作为对比,训练结果显示,微调之后,分类准确度有大幅提升,所以在训练深度网络之后,利用部分标签数据进行微调是一件很有必要的学习:

Before Finetuning Test Accuracy: 91.760%
After Finetuning Test Accuracy: 97.710%

下面是部分程序代码,需要用到,完整代码请先下载minFunc.rar,然后下载stacked_exercise.rar,minFunc.rar里面是lbfgs优化函数,在优化网络参数时需要用到。
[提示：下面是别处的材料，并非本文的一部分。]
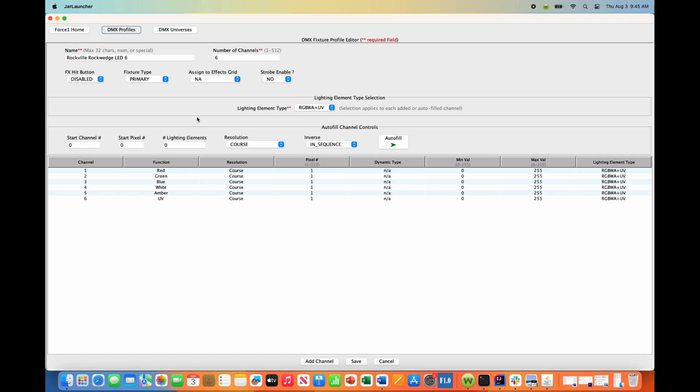In our case we are using these fixtures as up lights, they're sitting under our Intimidator Spot 360s in totem stands, and I like to have the ability of using these fixtures as wash fixtures in certain circumstances. In order to do that, they need to be defined as secondary fixtures.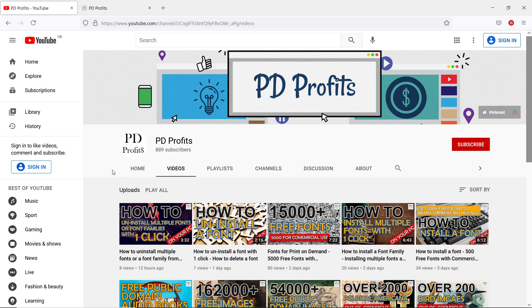When you no longer need a font, instead of uninstalling it, you can hide all the unnecessary fonts from the font directory.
%% CS294A/CS294W Stacked Autoencoder Exercise

%  Instructions
%  ------------
%
%  This file contains code that helps you get started on the
%  sstacked autoencoder exercise. You will need to complete code in
%  stackedAECost.m
%  You will also need to have implemented sparseAutoencoderCost.m and
%  softmaxCost.m from previous exercises. You will need the initializeParameters.m
%  loadMNISTImages.m, and loadMNISTLabels.m files from previous exercises.
%
%  For the purpose of completing the assignment, you do not need to
%  change the code in this file.
%
%%======================================================================
%% STEP 0: Here we provide the relevant parameters values that will
%  allow your sparse autoencoder to get good filters; you do not need to
%  change the parameters below.

inputSize = 28 * 28;
numClasses = 10;
hiddenSizeL1 = 200;    % Layer 1 Hidden Size
hiddenSizeL2 = 200;    % Layer 2 Hidden Size
sparsityParam = 0.1;   % desired average activation of the hidden units.
                       % (This was denoted by the Greek alphabet rho, which looks like a lower-case "p",
                       %  in the lecture notes).
lambda = 3e-3;         % weight decay parameter
beta = 3;              % weight of sparsity penalty term       

%%======================================================================
%% STEP 1: Load data from the MNIST database
%
%  This loads our training data from the MNIST database files.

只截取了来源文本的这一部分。